This is my 3 min attempt and I can still see the digital behind the post process:
http://i.imgur.com/5ekK8.jpg

=(


----------



## galapagos1859 (Apr 10, 2012)

WhiskeyTango said:


> galapagos1859 said:
> 
> 
> > Delphititan said:
> ...



Yeah... I totally regret putting those 2 pictures together. It didn't clarify my point... 
But believe me, DoF is not part of the equation  =/


----------



## 480sparky (Apr 11, 2012)

Perhaps you're seeing the noise cause by ISO 2500.


----------



## galapagos1859 (Apr 11, 2012)

ok... so I found a side-by-side comparison







Can you guys see it now?


----------



## 480sparky (Apr 11, 2012)

Very little.  And the film look could easily be replicated in post.

What I'd like to know is the camera that took the film shot.


----------



## Tony S (Apr 11, 2012)

I really think you need to spend more time taking pictures and working on your post processing to get the look you are after..... any film type can be replicated in an image editor, there are lots of tutorials out there that even tell you how to make digital images look like specific film types.






How about trying a digital Velvia...

http://www.fredmiranda.com/DV/index.html

  And found this program to ge the film look referenced by Derrel in a post late last year...  http://www.luminous-landscape.com/techniques/dxo_film_pack.shtml


Of course your other option is to just shoot film.


----------



## MReid (Apr 11, 2012)

Film look, less contrast, less sharp, seems to have more of a 3d (richer, more depth) look.
From digital: reduce contrast, very slight gaussian blur, add smidge of glow effect or tiny bit of fog, add just a smidge of large grained noise, less black point.
....or just click a button on the numerous effects programs designed to look like film

Yes film does look different.


----------



## Mot (Apr 11, 2012)

It might be fun to test you!

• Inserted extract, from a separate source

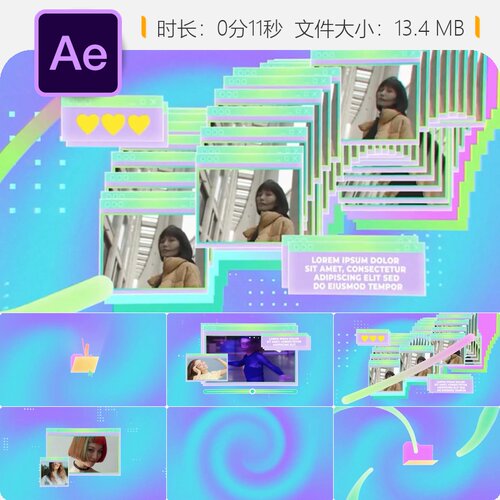 Windows风格AE模板创意开场动画社交媒体视频片头设计电脑文件夹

If it's so different we should be able to post photos we've taken on either film or processed to look like film and you should be able to tell us which one it is with ease. I'm not disagreeing with you that film has a 'look', I do disagree that it's not possible in post. There are several photographers that I was convinced shot on 120 but found they shot with a 5DII and were skilled processers.


​
How or what were these shot on? They still have the EXIF data so guess before you check, don't ruin it for others! In terms if film I use several brands in several film bodies and lenses, nothing specific. To scan film I usually use a Hasselblad X1, it's a serious-amateur/professional scanner. Digitally I use a 20D and a 5D with several lenses. Everything passes through Lightroom 3 and occasionally Photoshop.


----------



## bhop (Apr 11, 2012)

I think the issue you're having is caused by a combo of points 4 and 5


----------



## MReid (Apr 11, 2012)

The left one looks like film, the one on the right may or may not be.

...but as we have been discussing lots of ways to make digital look like film.


----------



## KmH (Apr 11, 2012)

galapagos1859 said:


> ok... so I found a side-by-side comparison
> 
> 
> 
> ...


The 2 are not shot at the same angle to the Sun, don't have the same exposure, and are also essentially invalid for demonstrating your premise.

You are seeking an answer to a question that has no one correct answer.


----------



## Compaq (Apr 11, 2012)

Maybe... and this is a pretty big maybe........ maaaybe, it's the fact that you know it's film that makes you like it better?


----------



## BlairWright (Apr 11, 2012)

They are different and that gives you 2 choices, life is grand...

Personally, I like the artistic freedom that digital gives you. Digital goes way beyond what film ever did in terms of processing.


----------



## Crollo (Apr 11, 2012)

The color grading of the images you posted are different. The film is 'incorrect' and is way too warm and IMO really bad looking, but the digital has correct white balance and toning so it looks 'different' but not worse. Digital images are also very very clean and smooth, but film is very grainy and rough looking.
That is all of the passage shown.